## EXAMPLE - 3

**Tasks :- Answerability detection**

**Tasks Description**

``answerability`` :- This is modeled as a sentence pair classification task where the first sentence is a query and second sentence is a context passage. The objective of this task is to determine whether the query can be answered from the context passage or not.

**Conversational Utility** :- This can be a useful component for building a question-answering/ machine comprehension based system. In such cases, it becomes very important to determine whether the given query can be answered with given context passage or not before extracting/abstracting an answer from it. Performing question-answering for a query which is not answerable from the context, could lead to incorrect answer extraction.

**Data** :- In this example, we are using the <a href="https://msmarco.blob.core.windows.net/msmarcoranking/triples.train.small.tar.gz">MSMARCO triples</a> data which is having sentence pairs and labels.
The data contains triplets where the first entry is the query, second one is the context passage from which the query can be answered (positive passage) , while the third entry is a context passage from which the query cannot be answered (negative passage).

Data is transformed into sentence pair classification format, with query-positive context pair labeled as 1 (answerable) and query-negative context pair labeled as 0 (non-answerable)

The data can be downloaded using the following ``wget`` command and extracted using ``tar`` command.

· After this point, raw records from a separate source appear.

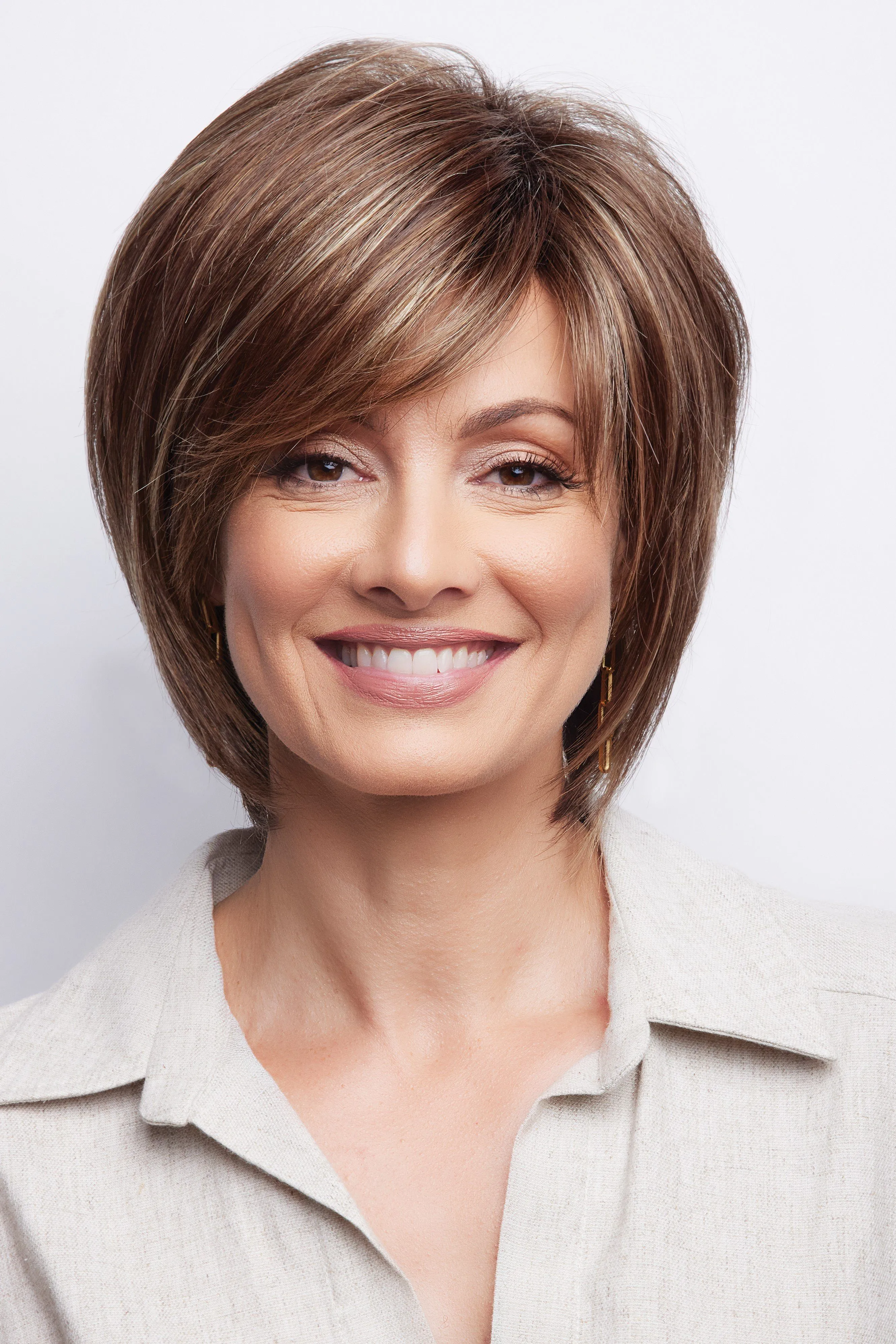 Noriko Wigs - Reese #1660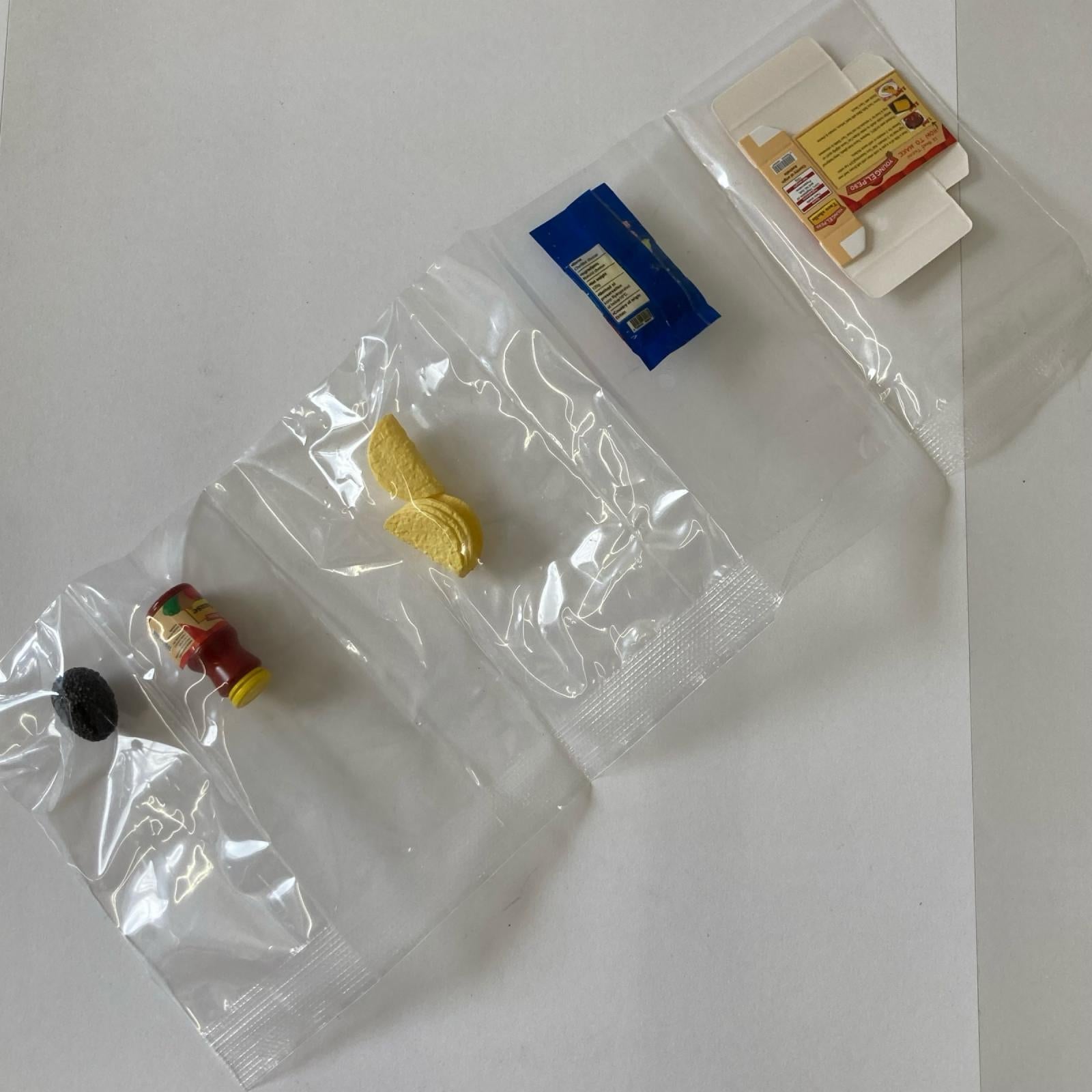 憧れ輸入ストア　タコスでパーティー リーメント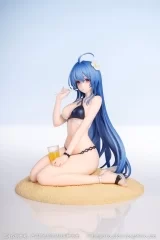 Оригинальная аниме фигурка «Gift+ Azur Lane Helena: Shimmering Triangle Wave 1/8 Complete Figure»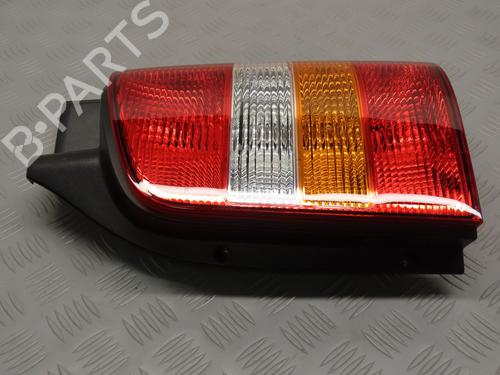 Farolim direito VW TRANSPORTER T5 Van (7HA, 7HH, 7EA, 7EH) 1.9 TDI (102 hp) 30916378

The data is fairly large to download (7.4GB). 

In [None]:
!wget https://msmarco.blob.core.windows.net/msmarcoranking/triples.train.small.tar.gz -P msmarco_data

In [None]:
!tar -xvzf msmarco_data/triples.train.small.tar.gz -C msmarco_data/

In [None]:
!rm msmarco_data/triples.train.small.tar.gz

# Step - 1: Transforming data

The data is present in *JSONL* format where each object contains a sample having the two sentences as ``sentence1`` and ``sentence2``. We consider ``gold_label`` field as the label which can have value: entailment, contradiction or neutral.

We already provide a sample transformation function ``msmarco_answerability_detection_to_tsv`` to convert this data to required tsv format. Data is transformed into sentence pair classification format, with query-positive context pair labeled as 1 (answerable) and query-negative context pair labeled as 0 (non-answerable)

Running data transformations will save the required train, dev and test tsv data files under ``data`` directory in root of library. For more details on the data transformation process, refer to <a href="https://multi-task-nlp.readthedocs.io/en/latest/data_transformations.html">data transformations</a> in documentation.

The transformation file should have the following details which is already created ``transform_file_snli.yml``.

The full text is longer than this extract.